* _The task_
Print every line of the data exactly as shown.

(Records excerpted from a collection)
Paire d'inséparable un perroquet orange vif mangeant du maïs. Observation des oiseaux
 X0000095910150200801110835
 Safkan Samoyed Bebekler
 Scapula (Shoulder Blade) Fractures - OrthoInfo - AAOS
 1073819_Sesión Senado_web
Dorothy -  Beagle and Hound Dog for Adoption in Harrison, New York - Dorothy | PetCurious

* _Completed task_
Paire d'inséparable un perroquet orange vif mangeant du maïs. Observation des oiseaux
 X0000095910150200801110835
 Safkan Samoyed Bebekler
 Scapula (Shoulder Blade) Fractures - OrthoInfo - AAOS
 1073819_Sesión Senado_web
Dorothy -  Beagle and Hound Dog for Adoption in Harrison, New York - Dorothy | PetCurious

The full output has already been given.